- Location: 320 Harbor Dr. Sitka, Alaska, United States
- Type: Public library
- Established: 1923

Collection
- Size: 57,677

Access and use
- Circulation: 87,884
- Population served: 8,523

Other information
- Website: City library website

= Sitka Public Library =

Public library of Sitka, Alaska

Sitka Public Library is the public library for Sitka, Alaska.

It receives about 100,000 guests annually and houses a collection of 75,000 books, audiobooks, music recordings, reference resources, videos (DVD and VHS) as well as an assortment of Alaskan and national periodicals. Its annual circulation is 133,000. It has the largest per capita circulation in the state of towns with populations over 2,500 people.

The library is well known by visitor populations for its view. The large windows in front of the reading area look south across Eastern Channel towards the Pyramids.

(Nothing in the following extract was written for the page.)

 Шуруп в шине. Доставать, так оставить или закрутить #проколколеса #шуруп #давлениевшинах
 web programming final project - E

The youth section of the library has a 100 square-foot mural of children's story characters that was completed in 1986.

==History==
The library was moved into its current building in 1968 after a gift from Theodore Kettleson, a San Diego resident and shareholder in Sitka Cold Storage, enabled local organizers to begin raising funds from state and federal sources to construct a concrete building.

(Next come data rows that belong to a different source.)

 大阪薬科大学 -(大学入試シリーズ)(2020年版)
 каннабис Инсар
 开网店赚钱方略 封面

The library opened on the March 20, 1923 under the name of the Sitka Public Library. Previous European-language libraries in Sitka had either destroyed or been sold to other libraries on the north west coast of North America. The library was moved ten times and survived fire twice before coming to its current location under the name of Kettleson Memorial Library. In 2015 the library commission moved to change the name back to the Sitka Public Library during a renovation and expansion project.